Software (including firmware) on IoT devices should be verified using secure boot mechanisms. If an unauthorised change is detected, the device should alert the consumer/administrator to an issue and should not connect to wider networks than those necessary to perform the alerting function.

Not applicable

9. Make systems resilient to outages

Resilience should be built into IoT devices and services where required by their usage or by other relying systems, taking into account the possibility of outages of data networks and power. As far as reasonably possible, IoT devices should remain operating and locally functional in the case of a loss of network, without compromising security or safety. They should recover cleanly in the case of restoration of a loss of power. Devices should be able to return to a network in a sensible state and in an orderly fashion, rather than all attempt to reconnect at the same time. Implementing redundancy and DDoS mitigation helps ensure that IoT services remain online. Architect IoT devices to continue functioning as much as possible if an associated IoT service becomes unavailable, and disclose upfront to the consumer which features will cease working in this case. IoT service providers should also update data when network connection is restored.

Showbie maintains a security recovery plan that is executed during or after an event and restores systems affected by cyber security events. Showbie’s system status can be monitored live and users can subscribe to updates in order to be notified about outages.

10. Monitor system telemetry data

If telemetry data is collected from IoT devices and services, such as usage and measurement data, it should be monitored for security anomalies.

Not applicable

11. Make it easy for consumers to delete personal data

Devices and services should be configured such that personal data can easily be removed when there is a transfer of ownership, when the consumer wishes to delete it and/or when the consumer wishes to dispose of the device.
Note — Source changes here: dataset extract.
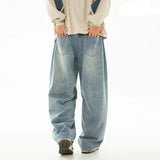 OG Washed Split Jeans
Consumers should be given clear instructions on how to delete their personal data, including how to reset the device to “factory default” and delete data stored on the device and in associated backend/cloud accounts and mobile applications.

Users can submit requests to review, revise or delete their data at any time using this request form.

12. Make installation and maintenance of devices easy

Installation and maintenance of IoT devices should employ minimal steps and follow Australian Government best practice on security and usability. Consumers should also be provided with clear and straightforward guidance on how to securely set up their device and maintain it through its lifecycle. Accessibility options on a device should be enabled by default.

Not applicable

13. Validate input data

Data received via user interfaces, application programming interfaces (APIs) and network interfaces should be validated. Ensure data input is authorised and conforms to expectations.

Applications and databases shall be developed and configured to protect the confidentiality, integrity and availability of restricted information. This includes: Implementation of access control, authentication and session-management; Data validation checks; Do not reveal system information in end-user error messages; Protecting restricted information and using encryption where required; Time-out for user connections after a period of inactivity; Logging of user activity so that actions can be traced to an individual.